Talvez Sócrates já fosse, na altura, mais problema do que solução. Mas a crise que era culpa dele, afinal não era. As medidas que podiam ser melhores, afinal não podiam. E nesta perversão irresponsável, própria do lixo que são as nossas elites políticas, caiu um Governo, agravou-se a crise, e, até hoje, só ficámos pior. Talvez Sócrates não fosse a solução para os nossos males. Por esta altura, contudo, também já não era mau termos todos percebido que ele não era o filho do diabo, e que afinal não havia nenhuma poção mágica.

Reconheço as falências de Sócrates, e estou longe de o idolatrar, tal como não acho que a política possa, alguma vez, ser um clubismo. Mas sei reconhecer um líder quando o vejo. Mais do que um excelente político, que o era, ele tinha esse instinto, era um natural.

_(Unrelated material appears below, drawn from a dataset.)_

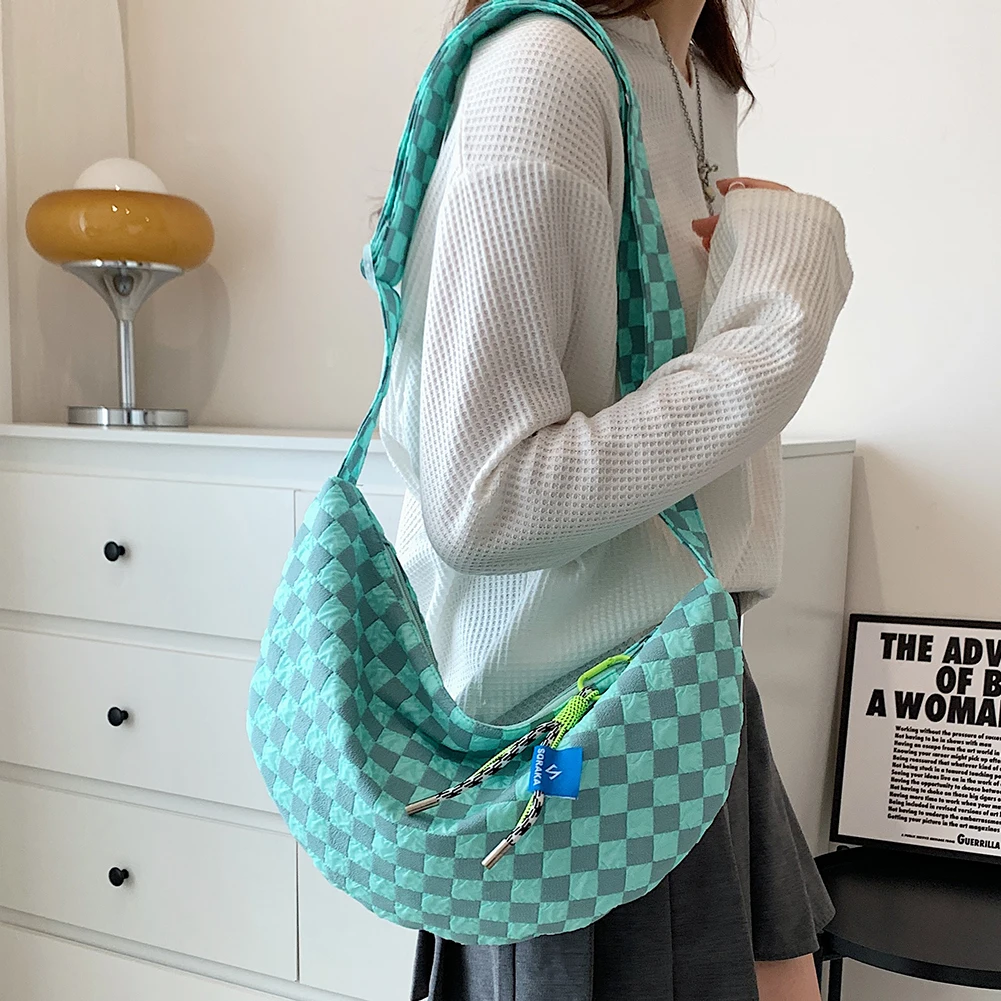 Plaid Women Messenger Bag Fash - Half Moon Crescent 리뷰 및 가격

Que me perdoem os exorcistas do Socratismo, mas os bons serão sempre melhor opção e, à vista de hoje, Sócrates era um luxo. Se estamos tão chocados que ele vá falar na RTP, ao menos que andássemos a chorar pelo facto dos que ficaram para decidir a nossa vida não serem mais do que dois Jotinhas com o carisma e o nervo de uma folha de papel, que há 20 anos, e que se foda o país, já sabiam que ali se haviam de sentar, a brincar aos governos.